Diversity and AMOVA results. (a) Mean number of pairwise differences (and SE bars) for the NRY and mtDNA sequences from each regional group. (b) AMOVA results for the entire worldwide dataset, and for each regional group of populations. Two comparisons are shown for the entire dataset; the left comparison includes regional groups as an additional hierarchical level, while the right one does not. * indicates that the among population component of diversity does not differ significantly from zero (after Bonferroni adjustment of the p-value for multiple comparisons).

An outstanding question is whether or not there are differences in the relative amounts of between-population vs. within-population diversity for mtDNA vs. the NRY. Some studies have found much larger between-population differences for the NRY than for mtDNA⁶, while others have not⁷. To address this question, we carried out an AMOVA; the results (Figure 1b) show that in the entire worldwide dataset, the between-population differences are indeed bigger for the NRY (∼36% of the variance) than for mtDNA (∼25% of the variance). However, there are substantial differences among the regional groups. The ME/NA, East Asia, and Europe regional groups follow the worldwide pattern in having bigger between-population differences for the NRY than for mtDNA. In contrast, Africa, Oceania, and the Americas have substantially bigger between-population differences for mtDNA than for the NRY, while for central Asia the between-population variation is virtually identical for the NRY and mtDNA. These regional differences likely reflect the influence of sex-biased migrations and admixture, and moreover indicate that focussing exclusively on the worldwide pattern of mtDNA vs. NRY variation misses these important regional differences.

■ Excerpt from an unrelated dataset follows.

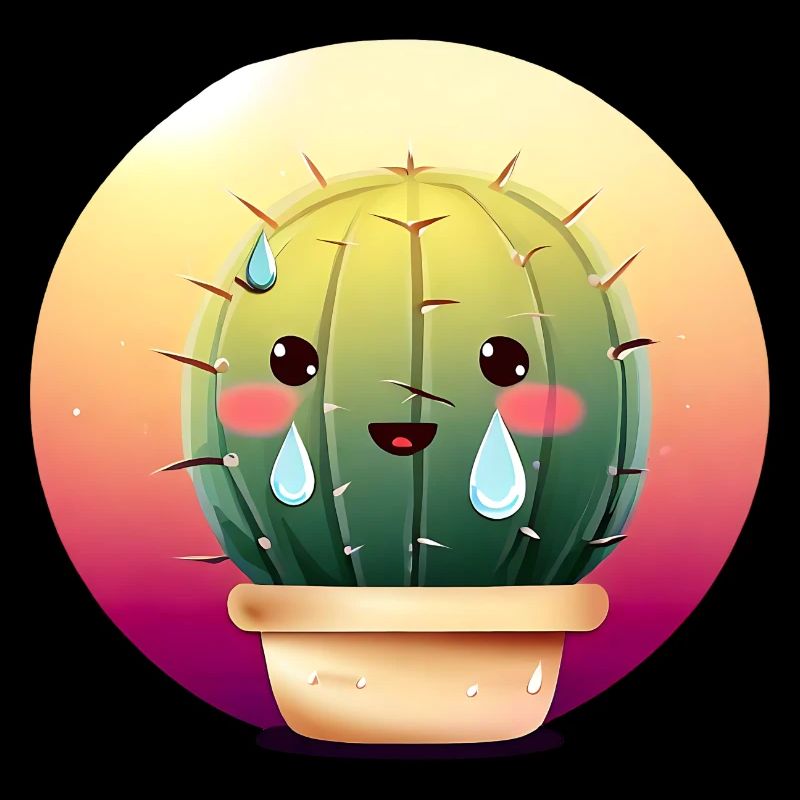 Transpiration du cactus au coucher du soleil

Multidimension-scaling (MDS) plots based on Φ_ST distances further indicate regional differences in mtDNA vs. NRY variation (Figure 2). Nonetheless, and despite the small sample sizes at the population level, both mtDNA and NRY Φ_ST distances are significantly correlated with geographic distances between populations (Mantel tests with 1000 replications: mtDNA, r = 0.41, p < 0.001; NRY, r = 0.36, p = 0.002) as well as with each other (r = 0.23, p = 0.025). Thus, NRY and mtDNA diversity are both highly associated with geographic distances among populations.

Figure 2

MDS plots based on Φ_ST distances among regional groups. The stress values are 0.055 for the mtDNA plot and 0.031 for the NRY plot.

We used a Bayesian method to estimate the phylogeny and divergence times for both mtDNA and the NRY (Supplementary Figure 2); for the latter, we used both a “fast” mutation rate of 1 × 10⁻⁹/bp/year and a “slow” mutation rate of 0.62 × 10⁻⁹/bp/year as there is currently much uncertainty regarding mutation rates^20–22. The resulting phylogenies are quite consistent with the existing mtDNA and NRY phylogenies^{23, 24}, with some small discrepancies involving lineages that are not well-resolved. The age of the mtDNA ancestor is estimated to be about 160 thousand years (ky), and the ages of the non-African mtDNA lineages M and N are about 65-70 ky, in good agreement with previous estimates¹⁸. Our estimate for the age of the NRYancestor is 103 ky based on the fast rate, and 165 ky based on the slow rate; however these estimates do not include the recently-discovered “A00” lineage²⁰, which would result in much older ages for the NRY ancestor. The close agreement between the slow NRY ancestor age (165 ky) and the mtDNA ancestor age (160 ky) might be taken as evidence in favor of the slow NRY mutation rate. However, the slow NRY mutation rate gives an estimated age for the intial out-of-Africa divergence of about 100 ky, and an age for the divergence of Amerindian-specific haplogroup Q lineages of about 20 ky, while the fast rate gives corresponding estimates of about 60 ky for out-of-Africa and about 12.5 ky for Amerindian haplogroup Q lineages, in better agreement with the mtDNA and other evidence for these events^{18, 25–27}. Given the current uncertainty over mutation rate estimates, we have chosen to use either both estimates in further analyses (e.g., Bayesian skyline plots) or an average of the fast and slow rates (e.g., in simulation-based analyses).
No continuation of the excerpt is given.